Data entries
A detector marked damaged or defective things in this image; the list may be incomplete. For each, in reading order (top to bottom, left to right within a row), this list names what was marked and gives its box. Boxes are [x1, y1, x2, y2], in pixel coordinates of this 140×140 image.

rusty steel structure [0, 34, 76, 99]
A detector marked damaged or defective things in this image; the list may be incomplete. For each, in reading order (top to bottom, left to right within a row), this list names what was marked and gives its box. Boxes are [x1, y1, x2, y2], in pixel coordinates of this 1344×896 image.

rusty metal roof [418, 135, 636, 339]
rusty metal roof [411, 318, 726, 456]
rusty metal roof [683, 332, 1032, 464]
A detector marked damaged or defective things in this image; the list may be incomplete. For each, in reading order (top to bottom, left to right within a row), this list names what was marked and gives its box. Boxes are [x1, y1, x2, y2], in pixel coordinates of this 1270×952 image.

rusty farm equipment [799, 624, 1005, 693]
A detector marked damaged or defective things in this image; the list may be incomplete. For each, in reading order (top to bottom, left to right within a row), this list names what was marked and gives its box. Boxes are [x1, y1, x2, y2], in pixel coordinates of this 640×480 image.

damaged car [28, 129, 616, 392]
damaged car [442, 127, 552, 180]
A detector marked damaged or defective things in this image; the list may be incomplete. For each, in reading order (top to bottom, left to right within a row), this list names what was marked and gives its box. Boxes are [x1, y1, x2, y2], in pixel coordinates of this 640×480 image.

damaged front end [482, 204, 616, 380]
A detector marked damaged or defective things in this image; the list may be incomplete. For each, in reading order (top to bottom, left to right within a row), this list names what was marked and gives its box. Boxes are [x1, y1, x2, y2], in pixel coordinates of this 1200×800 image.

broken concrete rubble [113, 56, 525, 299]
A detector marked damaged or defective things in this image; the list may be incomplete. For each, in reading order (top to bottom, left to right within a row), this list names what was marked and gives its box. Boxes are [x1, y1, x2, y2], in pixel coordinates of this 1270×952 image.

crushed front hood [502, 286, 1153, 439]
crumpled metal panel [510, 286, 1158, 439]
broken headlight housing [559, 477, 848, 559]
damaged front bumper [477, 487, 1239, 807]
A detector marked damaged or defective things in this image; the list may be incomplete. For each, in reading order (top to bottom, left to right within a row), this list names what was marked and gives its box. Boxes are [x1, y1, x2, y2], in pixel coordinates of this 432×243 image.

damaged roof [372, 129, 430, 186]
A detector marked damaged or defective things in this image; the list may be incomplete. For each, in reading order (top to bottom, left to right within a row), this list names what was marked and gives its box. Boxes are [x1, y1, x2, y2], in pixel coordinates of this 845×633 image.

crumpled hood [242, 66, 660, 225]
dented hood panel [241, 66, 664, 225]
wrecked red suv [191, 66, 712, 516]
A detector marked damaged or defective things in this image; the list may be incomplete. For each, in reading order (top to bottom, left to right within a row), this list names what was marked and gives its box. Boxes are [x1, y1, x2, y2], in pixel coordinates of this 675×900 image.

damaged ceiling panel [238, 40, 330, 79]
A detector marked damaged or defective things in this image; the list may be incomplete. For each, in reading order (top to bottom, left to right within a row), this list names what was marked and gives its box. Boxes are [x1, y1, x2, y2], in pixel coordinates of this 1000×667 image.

* **Exercise description**
Every record above is to be copied out again exactly as written.

* **Exercise answer**
A detector marked damaged or defective things in this image; the list may be incomplete. For each, in reading order (top to bottom, left to right within a row), this list names what was marked and gives its box. Boxes are [x1, y1, x2, y2], in pixel coordinates of this 140×140 image.

rusty steel structure [0, 34, 76, 99]
A detector marked damaged or defective things in this image; the list may be incomplete. For each, in reading order (top to bottom, left to right within a row), this list names what was marked and gives its box. Boxes are [x1, y1, x2, y2], in pixel coordinates of this 1344×896 image.

rusty metal roof [418, 135, 636, 339]
rusty metal roof [411, 318, 726, 456]
rusty metal roof [683, 332, 1032, 464]
A detector marked damaged or defective things in this image; the list may be incomplete. For each, in reading order (top to bottom, left to right within a row), this list names what was marked and gives its box. Boxes are [x1, y1, x2, y2], in pixel coordinates of this 1270×952 image.

rusty farm equipment [799, 624, 1005, 693]
A detector marked damaged or defective things in this image; the list may be incomplete. For each, in reading order (top to bottom, left to right within a row), this list names what was marked and gives its box. Boxes are [x1, y1, x2, y2], in pixel coordinates of this 640×480 image.

damaged car [28, 129, 616, 392]
damaged car [442, 127, 552, 180]
A detector marked damaged or defective things in this image; the list may be incomplete. For each, in reading order (top to bottom, left to right within a row), this list names what was marked and gives its box. Boxes are [x1, y1, x2, y2], in pixel coordinates of this 640×480 image.

damaged front end [482, 204, 616, 380]
A detector marked damaged or defective things in this image; the list may be incomplete. For each, in reading order (top to bottom, left to right within a row), this list names what was marked and gives its box. Boxes are [x1, y1, x2, y2], in pixel coordinates of this 1200×800 image.

broken concrete rubble [113, 56, 525, 299]
A detector marked damaged or defective things in this image; the list may be incomplete. For each, in reading order (top to bottom, left to right within a row), this list names what was marked and gives its box. Boxes are [x1, y1, x2, y2], in pixel coordinates of this 1270×952 image.

crushed front hood [502, 286, 1153, 439]
crumpled metal panel [510, 286, 1158, 439]
broken headlight housing [559, 477, 848, 559]
damaged front bumper [477, 487, 1239, 807]
A detector marked damaged or defective things in this image; the list may be incomplete. For each, in reading order (top to bottom, left to right within a row), this list names what was marked and gives its box. Boxes are [x1, y1, x2, y2], in pixel coordinates of this 432×243 image.

damaged roof [372, 129, 430, 186]
A detector marked damaged or defective things in this image; the list may be incomplete. For each, in reading order (top to bottom, left to right within a row), this list names what was marked and gives its box. Boxes are [x1, y1, x2, y2], in pixel coordinates of this 845×633 image.

crumpled hood [242, 66, 660, 225]
dented hood panel [241, 66, 664, 225]
wrecked red suv [191, 66, 712, 516]
A detector marked damaged or defective things in this image; the list may be incomplete. For each, in reading order (top to bottom, left to right within a row), this list names what was marked and gives its box. Boxes are [x1, y1, x2, y2], in pixel coordinates of this 675×900 image.

damaged ceiling panel [238, 40, 330, 79]
A detector marked damaged or defective things in this image; the list may be incomplete. For each, in reading order (top to bottom, left to right within a row), this list names what was marked and gives its box. Boxes are [x1, y1, x2, y2], in pixel coordinates of this 1000×667 image.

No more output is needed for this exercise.